◆ WHAT IS REQUIRED
Return all of the data exactly, omitting any images.
START THE DATA
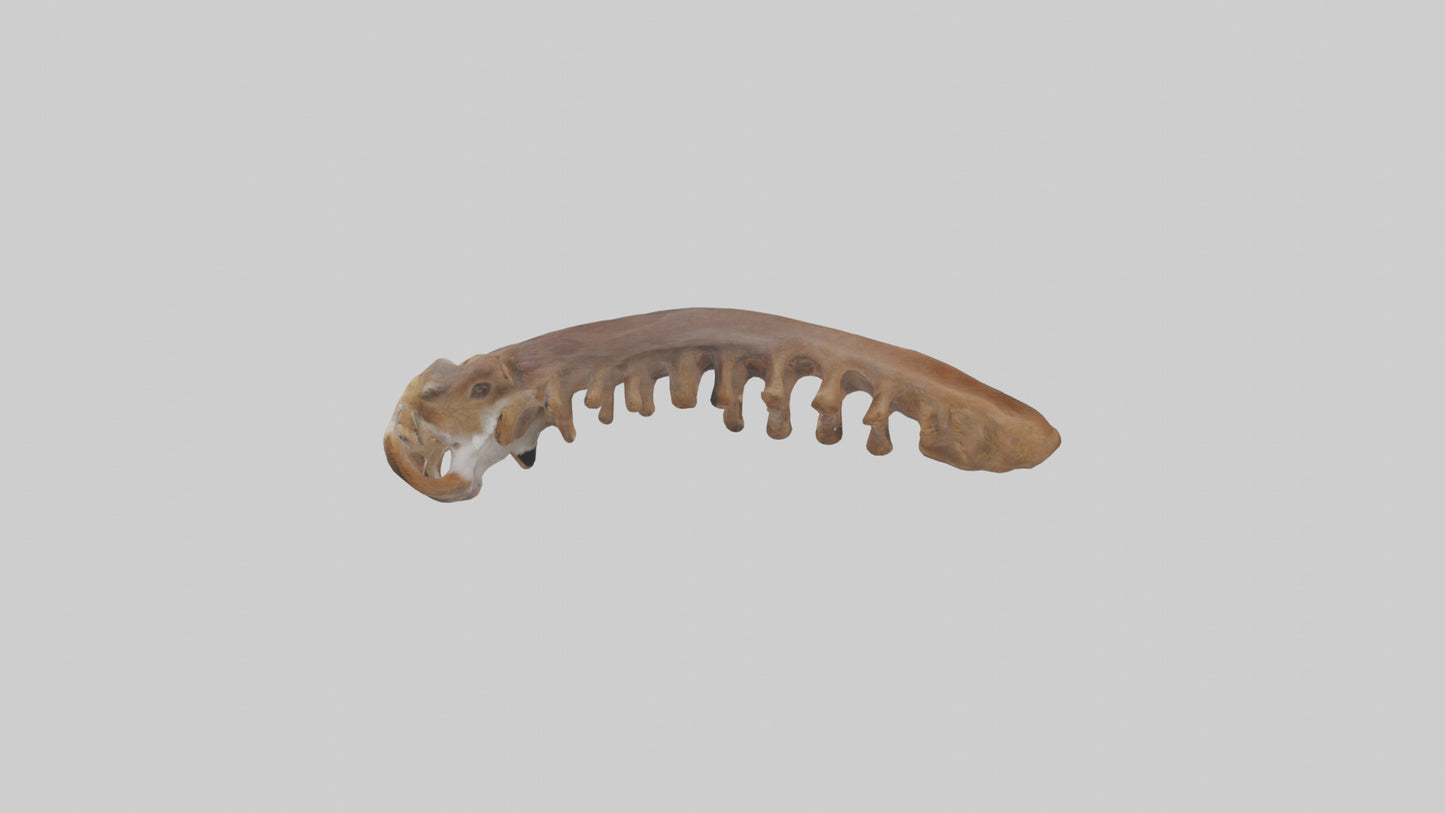 Squirrel Rib 3D model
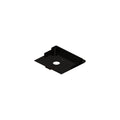 Capture Plate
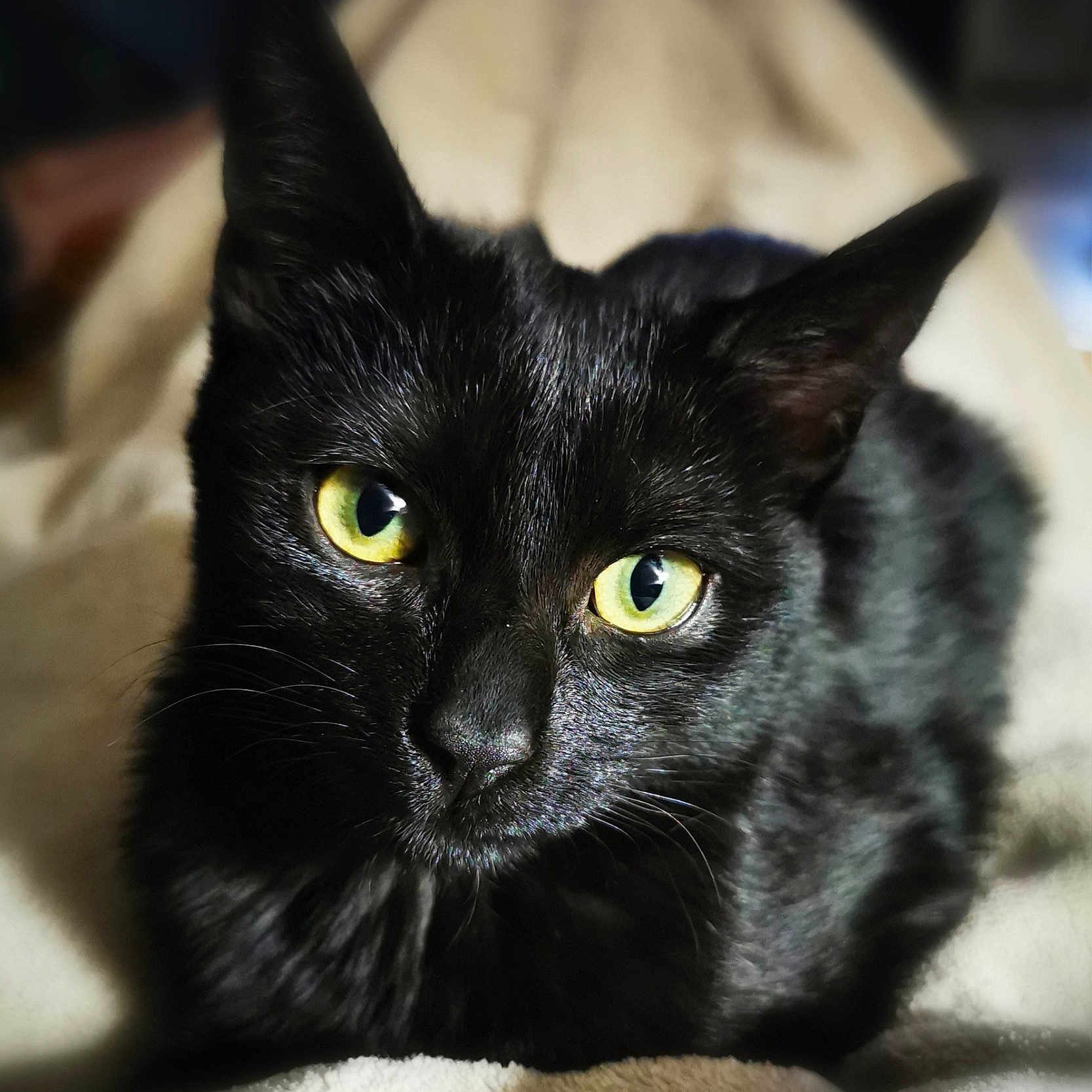 Nyx participe au concours pour gagner de l'argent avec cette photo : animal, black_cat, blanket, cat, close_up, cozy, cute, domestic_animal, feline, fur, indoors, looking_at_camera, mammal, pet, portrait, relaxed, resting, soft_texture, whiskers, yellow_eyes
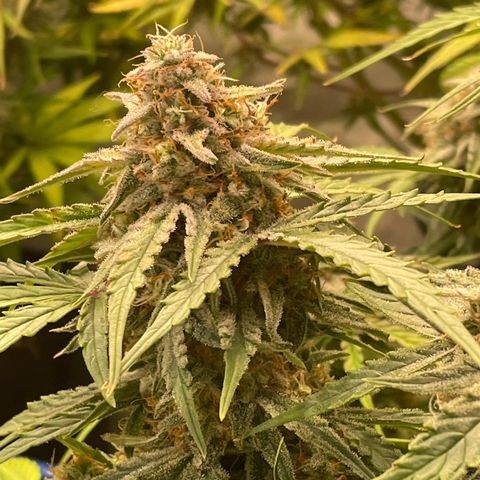 RQS F1 Epsilon #2 growlog timeline photo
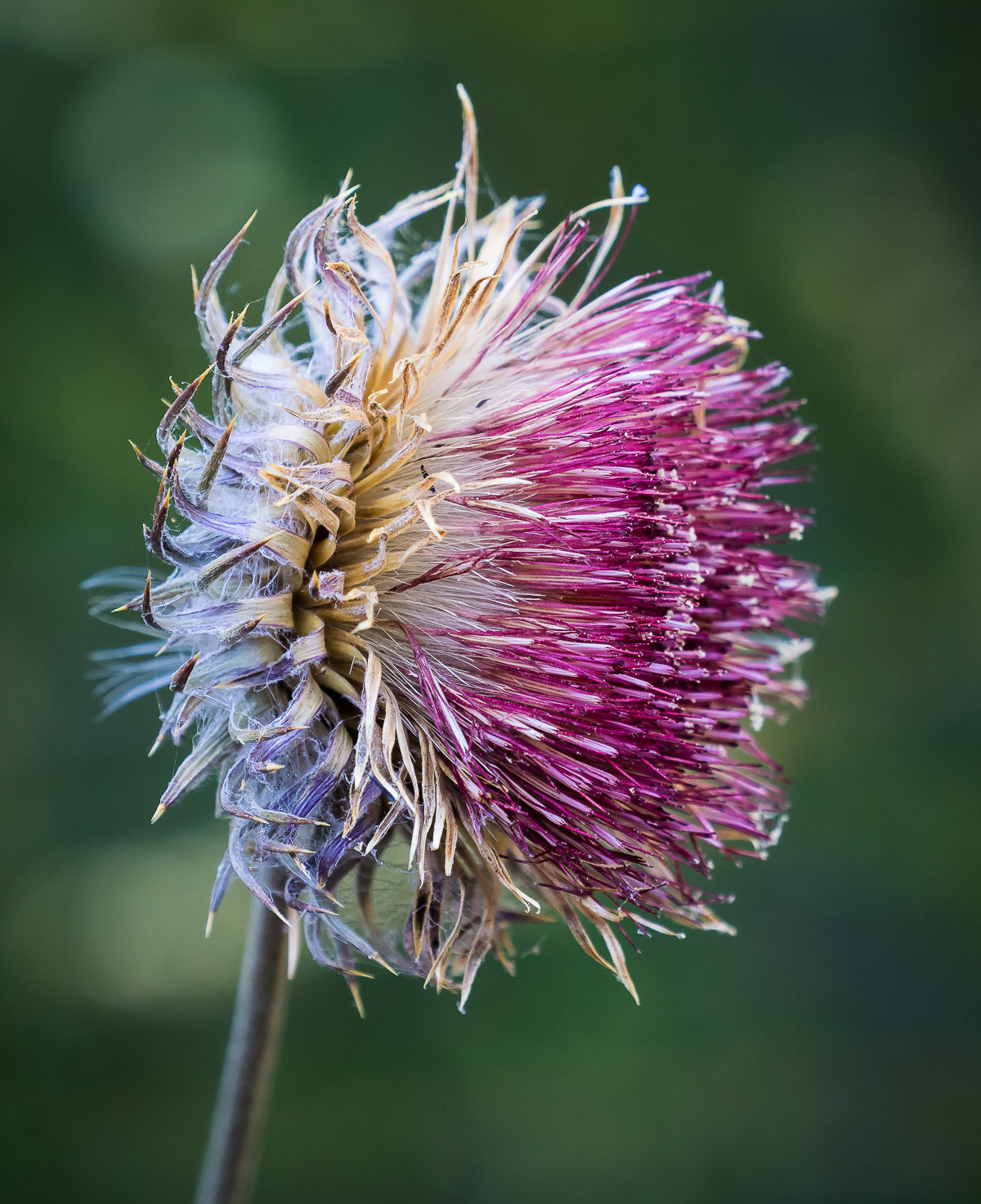 Olympus OM-D E-M1 + LEICA DG 100-400/F4.0-6.3 sample photo. Thistle 1 photography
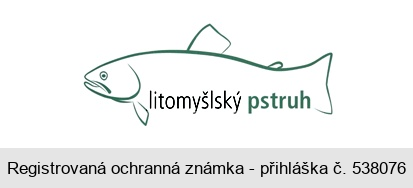 litomyšlský pstruh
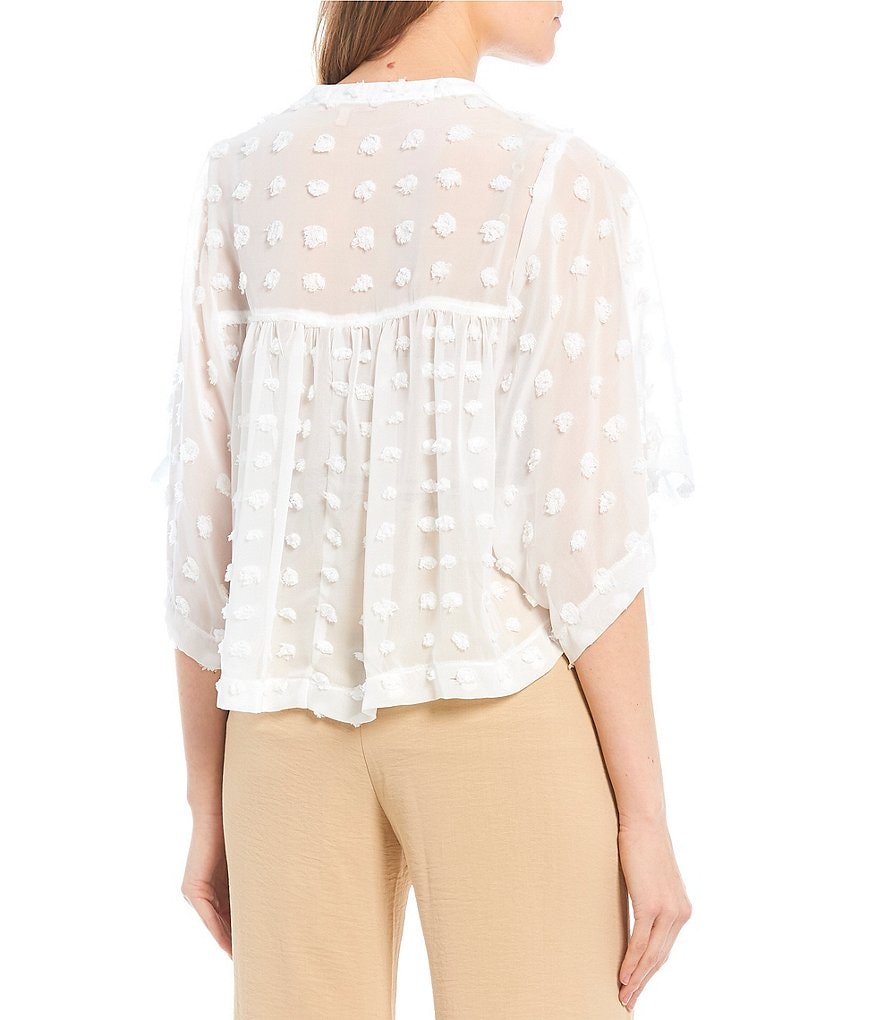 Evolutionary Short-Sleeve Large Clip-Dot Blouse Babydoll Top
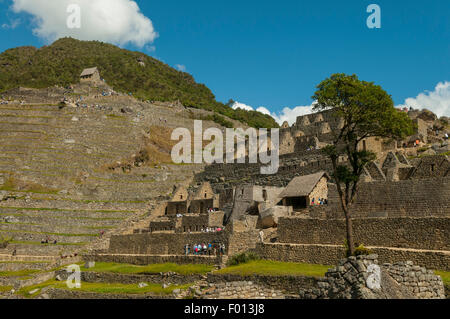 La casa di guardia in rovine Inca di Machu Picchu, Perù Foto Stock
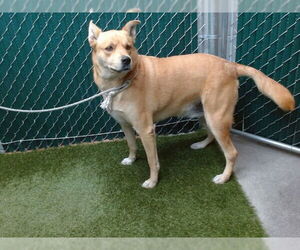 Labrador Retriever-Unknown Mix Dogs for adoption in Downey, CA, USA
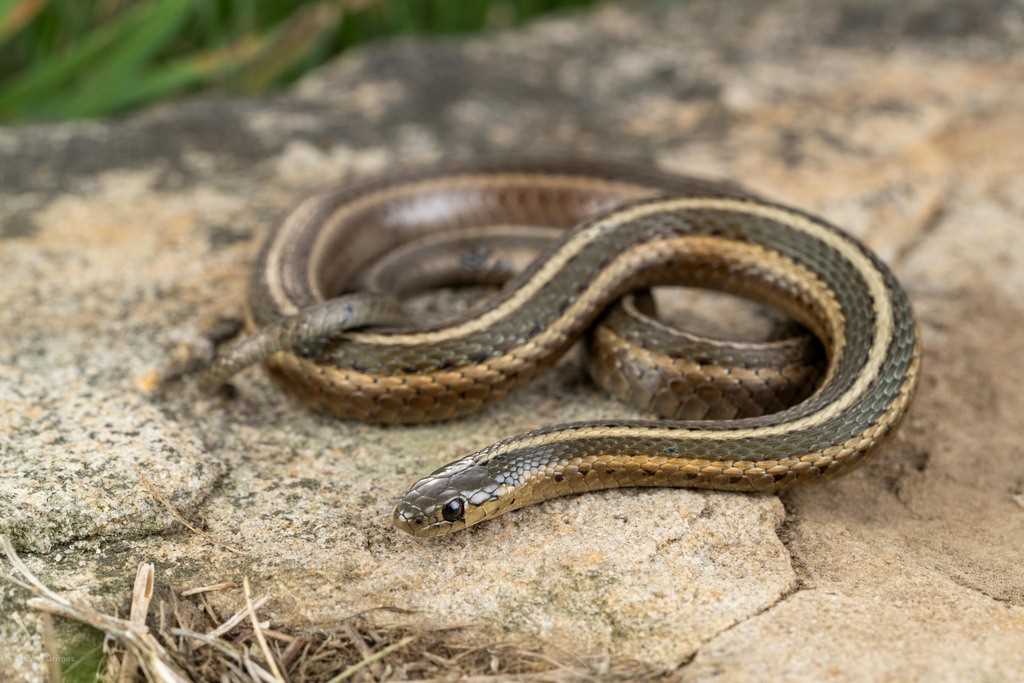 Interesting Facts about the Ohio Garter Snake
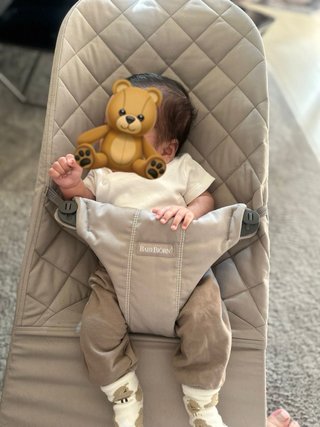 Hamaca BabyBjörn Original - Como Nueva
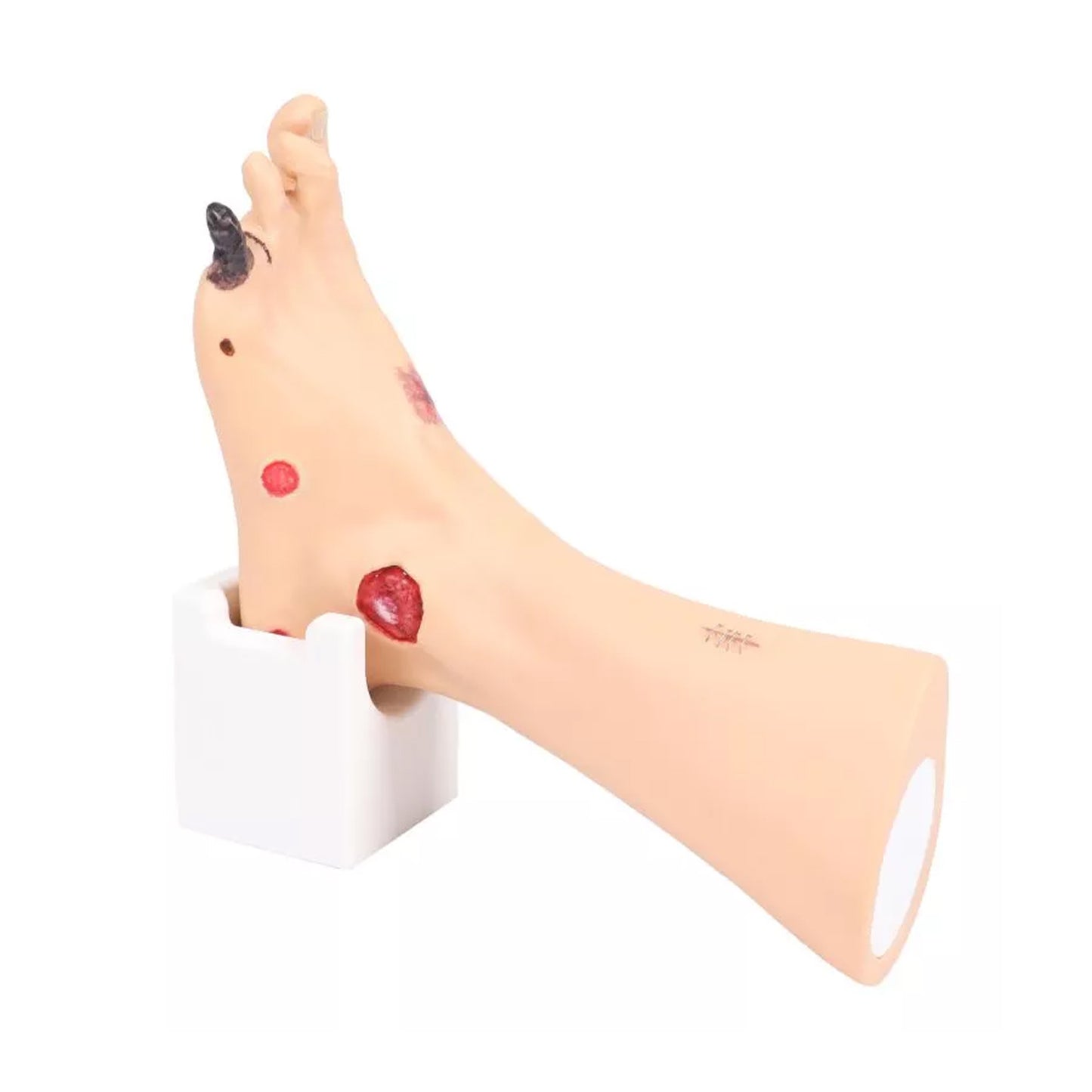 Wanda Wundenfuß Fuß-Simulator | EAN 4250395328487 | günstig kaufen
END THE DATA
◆ REPLY
 Squirrel Rib 3D model
 Capture Plate
 Nyx participe au concours pour gagner de l'argent avec cette photo : animal, black_cat, blanket, cat, close_up, cozy, cute, domestic_animal, feline, fur, indoors, looking_at_camera, mammal, pet, portrait, relaxed, resting, soft_texture, whiskers, yellow_eyes
 RQS F1 Epsilon #2 growlog timeline photo
 Olympus OM-D E-M1 + LEICA DG 100-400/F4.0-6.3 sample photo. Thistle 1 photography
 litomyšlský pstruh
 Evolutionary Short-Sleeve Large Clip-Dot Blouse Babydoll Top
 La casa di guardia in rovine Inca di Machu Picchu, Perù Foto Stock
 Labrador Retriever-Unknown Mix Dogs for adoption in Downey, CA, USA
 Interesting Facts about the Ohio Garter Snake
 Hamaca BabyBjörn Original - Como Nueva
 Wanda Wundenfuß Fuß-Simulator | EAN 4250395328487 | günstig kaufen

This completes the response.